>>>>>
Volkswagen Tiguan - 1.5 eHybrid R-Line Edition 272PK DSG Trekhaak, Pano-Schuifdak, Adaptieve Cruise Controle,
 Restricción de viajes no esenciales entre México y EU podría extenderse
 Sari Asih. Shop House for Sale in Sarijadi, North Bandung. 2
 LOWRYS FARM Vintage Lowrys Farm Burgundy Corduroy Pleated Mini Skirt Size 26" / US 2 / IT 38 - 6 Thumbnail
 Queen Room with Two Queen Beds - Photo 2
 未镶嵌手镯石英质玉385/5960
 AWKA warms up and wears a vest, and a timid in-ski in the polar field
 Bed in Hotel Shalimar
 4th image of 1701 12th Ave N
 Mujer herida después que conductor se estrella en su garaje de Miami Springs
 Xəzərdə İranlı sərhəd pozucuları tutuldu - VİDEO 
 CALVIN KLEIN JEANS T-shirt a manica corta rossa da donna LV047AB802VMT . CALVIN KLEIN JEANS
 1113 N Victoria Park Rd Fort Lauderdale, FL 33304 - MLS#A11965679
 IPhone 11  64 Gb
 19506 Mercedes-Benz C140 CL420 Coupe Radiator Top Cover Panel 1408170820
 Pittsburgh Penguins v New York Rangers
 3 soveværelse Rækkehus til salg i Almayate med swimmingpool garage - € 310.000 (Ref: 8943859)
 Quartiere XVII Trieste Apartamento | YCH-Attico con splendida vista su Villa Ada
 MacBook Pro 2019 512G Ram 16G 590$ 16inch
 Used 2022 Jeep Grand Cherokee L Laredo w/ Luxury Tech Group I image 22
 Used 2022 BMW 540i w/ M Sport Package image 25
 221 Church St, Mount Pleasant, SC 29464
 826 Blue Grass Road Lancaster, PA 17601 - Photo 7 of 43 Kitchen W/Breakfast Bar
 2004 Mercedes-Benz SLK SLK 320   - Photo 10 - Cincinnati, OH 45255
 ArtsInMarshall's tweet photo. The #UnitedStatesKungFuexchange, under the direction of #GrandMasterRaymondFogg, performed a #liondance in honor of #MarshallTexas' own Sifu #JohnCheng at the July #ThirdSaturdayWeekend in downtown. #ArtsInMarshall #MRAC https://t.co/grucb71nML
<<<<<
## THE TASK:
Which lines run from the one holding "Queen Room with Two Queen Beds - Photo 2" through the one holding "Pittsburgh Penguins v New York Rangers" in the records above? Repeat them exactly, both included, and nothing more.

## SOLUTION TO THIS EXERCISE:
 Queen Room with Two Queen Beds - Photo 2
 未镶嵌手镯石英质玉385/5960
 AWKA warms up and wears a vest, and a timid in-ski in the polar field
 Bed in Hotel Shalimar
 4th image of 1701 12th Ave N
 Mujer herida después que conductor se estrella en su garaje de Miami Springs
 Xəzərdə İranlı sərhəd pozucuları tutuldu - VİDEO 
 CALVIN KLEIN JEANS T-shirt a manica corta rossa da donna LV047AB802VMT . CALVIN KLEIN JEANS
 1113 N Victoria Park Rd Fort Lauderdale, FL 33304 - MLS#A11965679
 IPhone 11  64 Gb
 19506 Mercedes-Benz C140 CL420 Coupe Radiator Top Cover Panel 1408170820
 Pittsburgh Penguins v New York Rangers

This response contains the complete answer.